I'm not a fan or an expert on country music but for years I've felt uncomfortable about the sneers it receives. It's not just about disliking the music; people who dislike other kinds of music (free form jazz, punk, string quartets) are able to say so without a sneer. If challenged, the sneerers may say that country music is too simple and too direct as though simplicity and directness were faults. Or they say that it's a conservative genre. Many genres are predominantly conservative; if that's the case with country music, it also gave voice to a number of radicals from Woody Guthrie to k.d. lang.
Country music - like the western novel and film - is a large, baggy genre which allows its creators, performers and audiences to interpret it as they choose. It's also accessible and the majority of its fans in Britain are probably working-class. I suspect class is what causes the sneer. Country fans are knows to have a good time - sometimes they dress up and dance. Their pleasure doesn't need intellectual interpretation; intellectuals and critics struggle to find complex words to account for simple directness. It's easier to say that country music is beneath criticism than to admit that it may be beyond the critic's capacities.
I was hesitant about attending a concert by Hank Wangford and Reg Meuross. It was at a small local school theatre which doubles as a community theatre and cinema. I'd heard of Hank Wangford - I think I heard him on the radio decades ago - and that meant he must be famous. I didn't know what to expect but thought I might go - to support the theatre and extend my knowledge. "Hank Wangford's allright," the sneerers said. "He doesn't take country music seriously."
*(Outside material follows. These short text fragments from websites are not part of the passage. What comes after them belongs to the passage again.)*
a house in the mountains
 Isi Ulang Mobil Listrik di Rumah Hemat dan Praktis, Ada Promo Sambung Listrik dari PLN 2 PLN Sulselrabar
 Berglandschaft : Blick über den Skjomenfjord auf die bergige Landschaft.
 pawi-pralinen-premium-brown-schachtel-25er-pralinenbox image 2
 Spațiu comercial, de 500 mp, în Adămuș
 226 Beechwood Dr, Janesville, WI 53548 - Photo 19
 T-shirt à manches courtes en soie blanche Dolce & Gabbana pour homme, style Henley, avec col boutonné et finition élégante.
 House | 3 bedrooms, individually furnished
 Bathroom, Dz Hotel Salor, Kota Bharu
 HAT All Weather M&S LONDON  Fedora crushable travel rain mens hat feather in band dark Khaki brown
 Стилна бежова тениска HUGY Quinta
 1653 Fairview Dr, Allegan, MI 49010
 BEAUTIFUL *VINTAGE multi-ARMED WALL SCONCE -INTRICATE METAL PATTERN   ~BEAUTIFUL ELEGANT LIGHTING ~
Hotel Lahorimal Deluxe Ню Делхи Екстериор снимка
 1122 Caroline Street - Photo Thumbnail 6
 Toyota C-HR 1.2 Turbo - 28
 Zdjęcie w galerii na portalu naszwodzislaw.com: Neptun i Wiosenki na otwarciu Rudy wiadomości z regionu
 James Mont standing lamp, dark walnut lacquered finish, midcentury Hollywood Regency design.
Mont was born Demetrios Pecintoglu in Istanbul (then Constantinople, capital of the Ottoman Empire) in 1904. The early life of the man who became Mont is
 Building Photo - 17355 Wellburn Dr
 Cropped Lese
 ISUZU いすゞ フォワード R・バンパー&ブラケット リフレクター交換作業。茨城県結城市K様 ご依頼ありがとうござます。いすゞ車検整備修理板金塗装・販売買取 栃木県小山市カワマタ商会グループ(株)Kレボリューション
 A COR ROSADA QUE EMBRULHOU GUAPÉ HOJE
But making jokes about country music isn't the same as sneering at it. Hank Wangford knows the history of couintry music and treats it with respect as well as humour. He treats his audience in the same way - we're in on the joke and enjoy the music.
Reg Meuross was an unfamiliar name. At the beginning of the concert he was silent between songs, as though he was there simply to support the more famous Hank. But gradually he began to introduce songs - as Hank put it, "the spotlight of fame" turned to him. I instantly warmed to his stillness on stage, his quiet sense of humour, his love of history, the songs he wrote and his high tenor voice. There's a cross of folk with country music, which is as it should be - genres don't stay still but evolve in relation to one another. Reg's voice blended wonderfully with Hank's and he shone in solos.
I haven't suddenly remade myself as a country and western fan - I'm still listening to opera, folk, jazz, string quartets and the Beetles. But I've found Hank and Reg's music on-line and am planning to add some of their songs to my MP3 player when I've worked out how to buy them online. First choice from Hank is "Lonely Together", a witty and self-aware song about misery in a relationship. And I don't know how many times I've played Reg's song "Worry no more" - it's definitely a song I want to take with me when travelling.
I'm so glad I spent that evening with Hank and Reg. I wonder if they'll be visiting again.